Until the 1670s, at the edge of London’s River Thames, stood York House, the mansion property of George Villiers, Duke of Buckingham. In 1672 however, Villiers had fallen on hard times financially and so when the developer Nicholas Barbon asked to purchase the land, Villiers was glad to accept the £30,000 offered (an amount equivalent to more than £5 million in 2022). The agreement was made on the condition that the proposed development would pay homage to Villiers, therefore the developer was instructed to name each of the streets after the Duke.
This directive was followed and as such, George Court, Villiers Street, Duke Street, Of Alley, and Buckingham Street filled the space left by the mansion of the eponymous noble. Notably, “Of Alley” was the shortest street name in London. It is fortunate the developer was not inspired to use his own name in this novel approach, for Nicholas Barbon’s middle name was purported to be “If-Jesus-Christ-Had-Not-Died-For-Thee-Thou-Hadst-Been-Damned.”

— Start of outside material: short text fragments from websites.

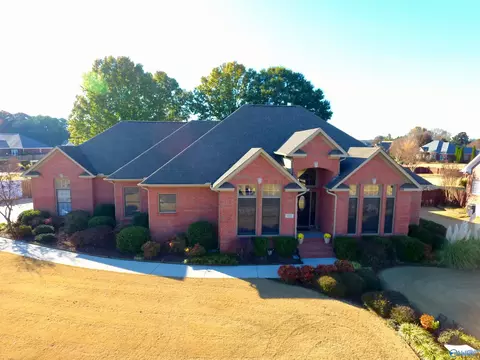 102 Rathdoon Ct, Madison, AL 35757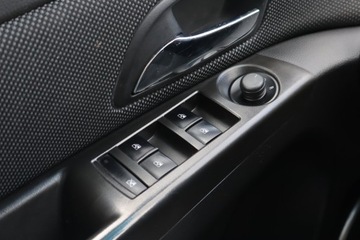 Chevrolet Cruze Hatchback 5d 1.6 16V DOHC 124KM 2011 Chevrolet Cruze 1.6 i 16V, Salon Polska, Klima, zdjęcie 18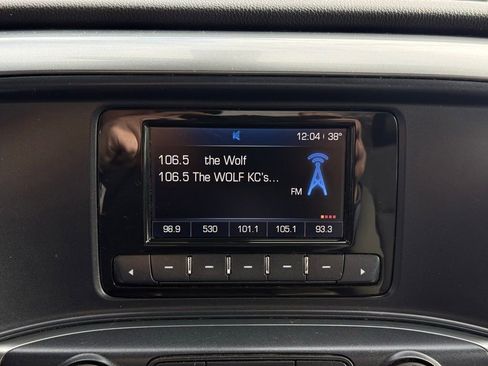 Used 2014 Chevrolet Silverado 1500 LT image 25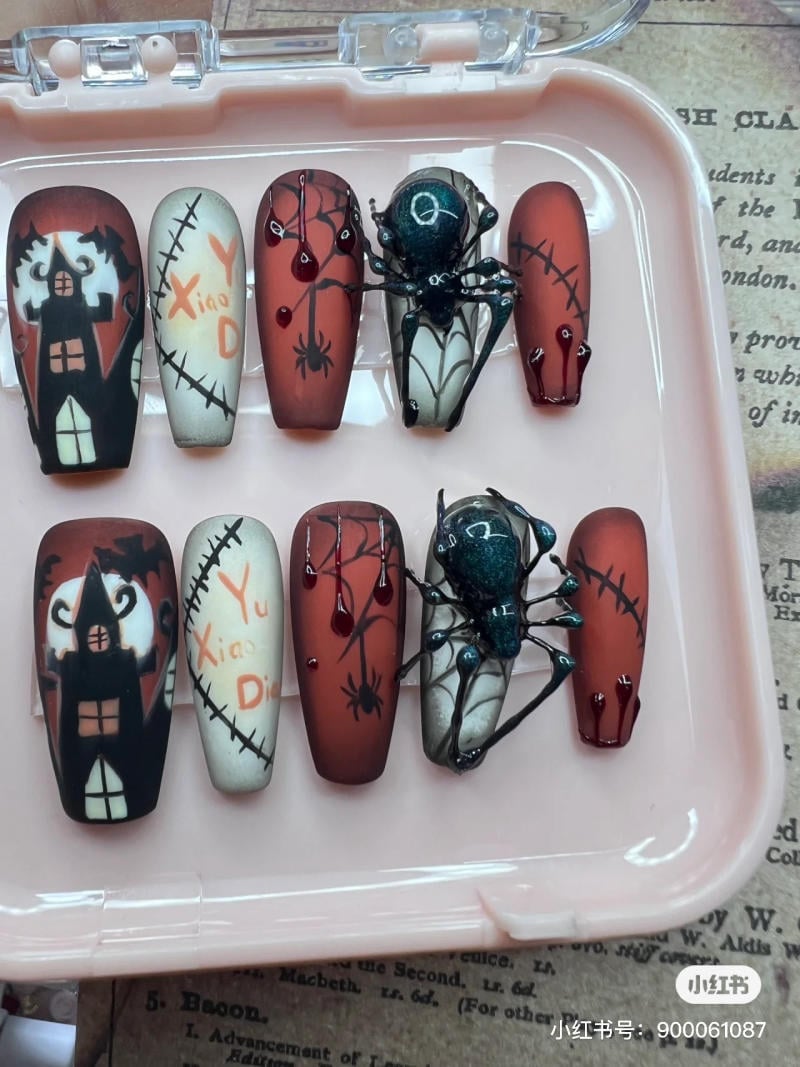 mau-nail-halloween-2023__20__87cac08bb76e4d219c7d4d08093ebe77 Bộ móng tay giả trang trí chủ đề Halloween với hình ảnh nhện, ngôi nhà ma, và vết khâu.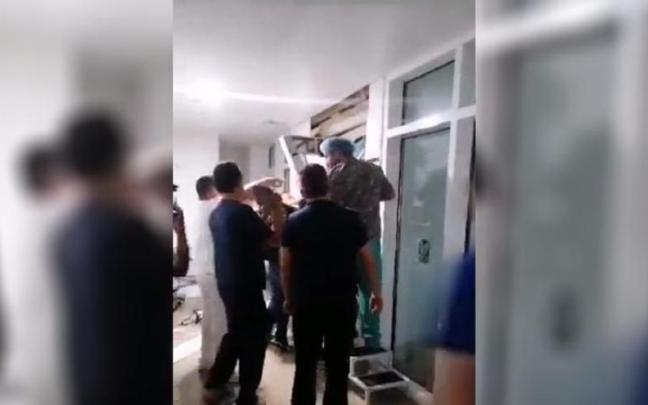 Los sanitarios tratan de liberar a la niña atrapada en el ascensor.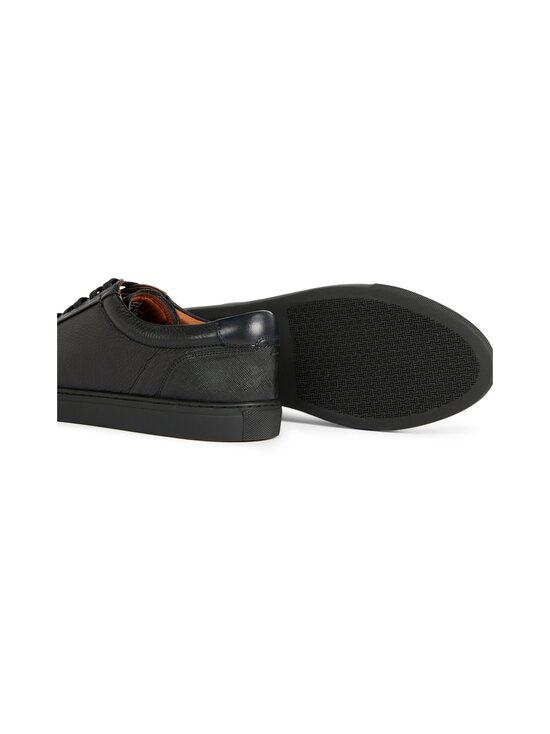 udamo leather sneaker
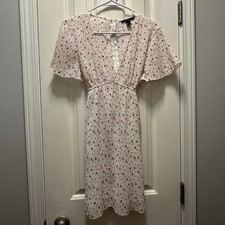 Forever 21 women’s s white with red flowers v-neck short dress with tie in back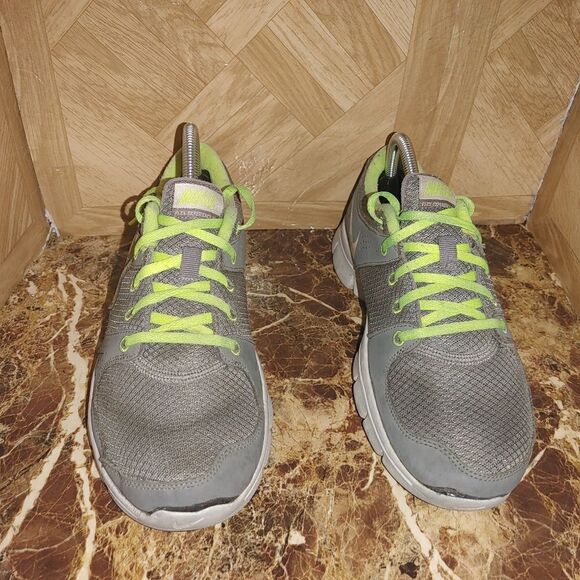 Nike women's Flex Experience RN running shoes sneaker gray size 8.5.   090 - Picture 7 of 12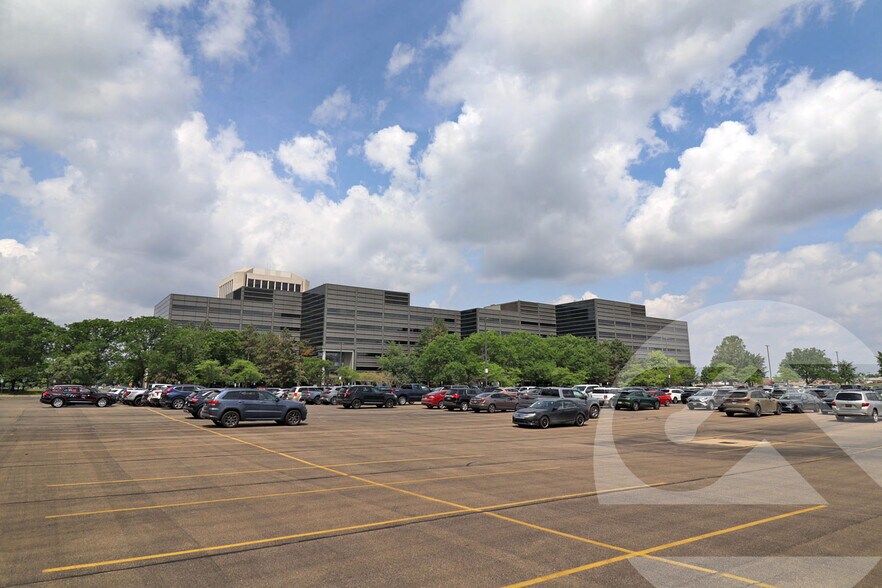 More Photos Of 4-6 Parklane Blvd, Dearborn Office For Lease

Over 350 years later, most of these streets retain their names, with the exception of Duke Street, which now forms part of John Adams Street, and Of Alley, which has been renamed York Place. It is this latter thoroughfare that caused controversy when renamed. Though calls to return York Place to its original trivial title have been unsuccessful, the street sign at each end of the alley still highlights its role in history “York Place formerly Of Alley.”